La creazione degli hotspot, i centri dove procedere alle immediate identificazioni, si inserisce in questa necessità tutta europea di segnalazione dei migranti, e della loro detenzione in caso di rifiuto: proprio per questo la Commissione rimprovera l’Italia in merito al ritardo nell’apertura dei centri rispetto alle scadenze prefissate. “Solo uno dei sei hotspots previsti è pienamente operativo”, spiega la Commissione nel documento, riferendosi al centro di Lampedusa, e sottolinea di essere in attesa che “altri due centri, a Pozzallo e Porto Empedocle, vengano aperti a giorni”. Gli hotspots di Taranto, Trapani e Augusta invece dovrebbero essere pronti “entro la fine di febbraio 2016”: luoghi dove le identificazioni vengono al momento effettuate all’interno di tende, e dove non ci sono posti per l’accoglienza delle persone, come si legge nel documento.
Solo pochi giorni fa, l’eurodeputata Barbara Spinelli ha presentato, insieme ad altri ventidue europarlamentari, un’interrogazione urgente sull’hotspot di Lampedusa, in cui le autorità italiane adotterebbero pratiche illegali in violazione dei diritti dei migranti e dei richiedenti asilo (ne abbiamo parlato qui). Viene da chiedersi se tali pratiche non siano in realtà in qualche modo sollecitate proprio dalle richieste avanzate dalle istituzioni europee, che dovrebbero comunque essere consapevoli di quanto denunciato da Spinelli, visto che, peraltro, funzionari dell’agenzia europea Frontex sono già operativi all’interno del centro, come scrive la stessa Commissione europea nel documento diffuso oggi.
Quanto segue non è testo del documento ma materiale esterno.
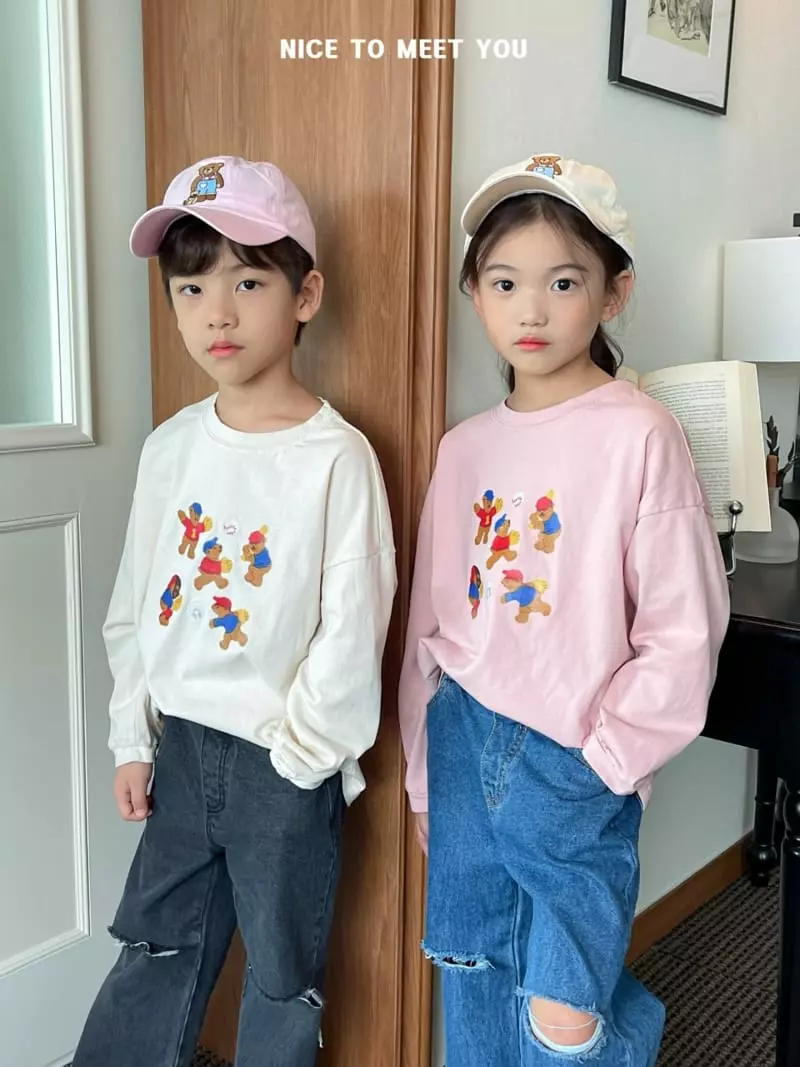 Nice To Meet You - Korean Children Fashion - #prettylittlegirls - Baseball Tee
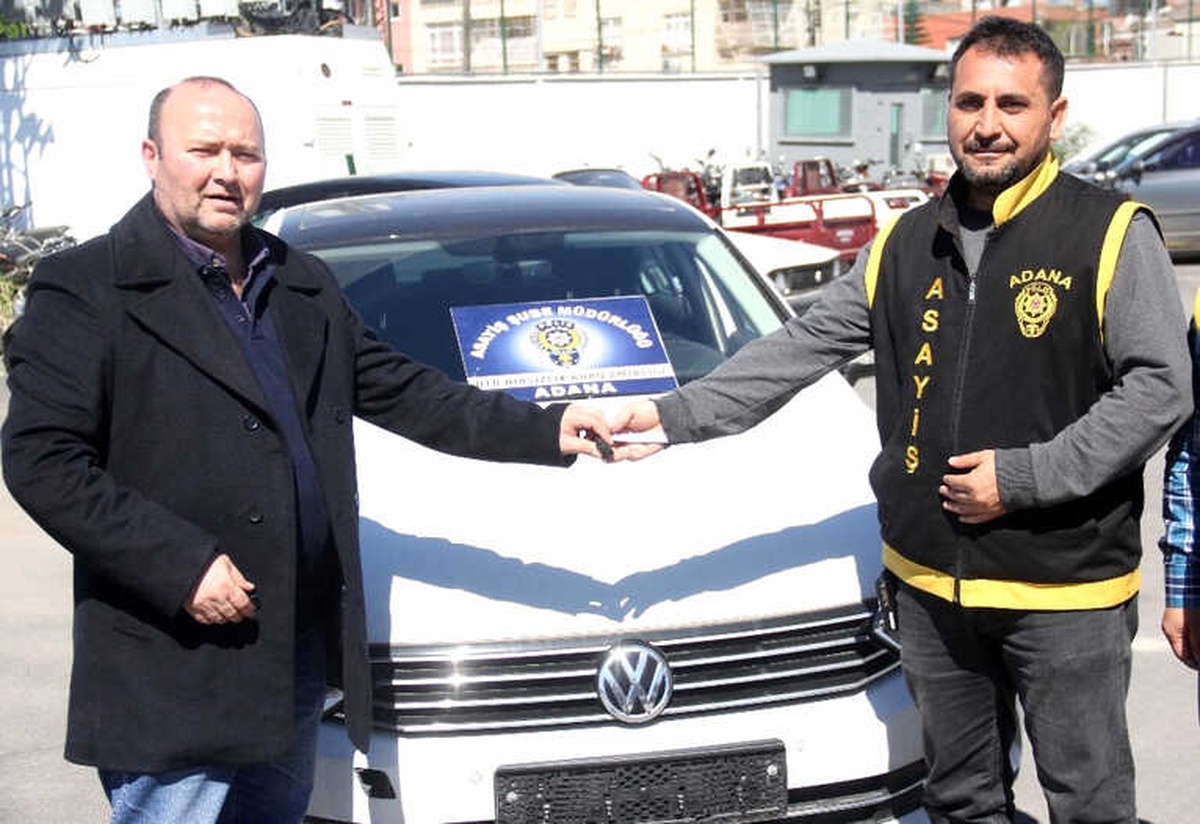 Çalınan Otomobiline Adana\'da Kavuştu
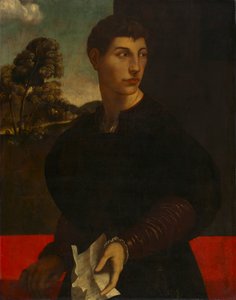 Porträt eines jungen Mannes, um 1530 von Dosso Dossi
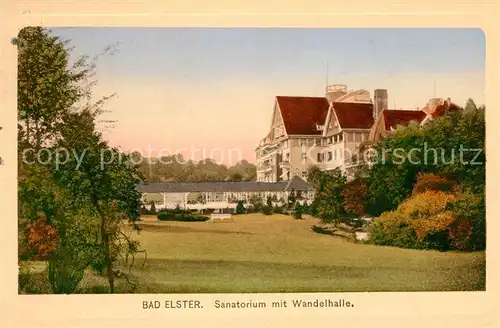 AK / Ansichtskarte Bad_Elster Sanatorium Wandelhalle Bad_Elster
In questo quadro, appare decisamente preoccupante che le pressioni europee non siano volte alla tutela dei diritti umani o al miglioramento delle condizioni di accoglienza, bensì all’identificazione obbligatoria, anche forzata, delle persone. Con tutte le violazioni dei diritti che questo può comportare, all’interno di centri chiusi e recintati.
Ma del resto questo sembra essere l’unico obiettivo dell’Unione europea, che annuncia per il mese di dicembre – sempre stando al testo diffuso dalla Commissione – lo schieramento in Italia di 165 esperti Frontex impegnati nelle identificazioni e nel controllo dei documenti, che andranno ad aggiungersi ai 52 esperti secondo la Commissione già presenti nelle strutture italiane. E’ prevista inoltre la presenza di funzionari Europol -l’ufficio di polizia europea- durante le operazioni di identificazione contemplate negli hotspots.
L’approccio adottato dalla Commissione nel documento conferma ancora una volta la posizione di chiusura assunta dall’Unione rispetto alle persone che provano a entrare nel territorio europeo. Una chiusura che auspica un nuovo rafforzamento del sistema di detenzione italiano finalizzato a facilitare le misure di rimpatrio forzato: “Alla luce dell’aumento dei migranti privi del diritto alla protezione internazionale [..] deve essere presa in considerazione un aumento delle capacità di detenzione dell’Italia”, scrive la Commissione.
Nel 2015, dal territorio italiano sono state rimpatriate forzatamente 14.113 persone. Nello stesso periodo, l’Italia ha partecipato a 11 rimpatri forzati coordinati da Frontex.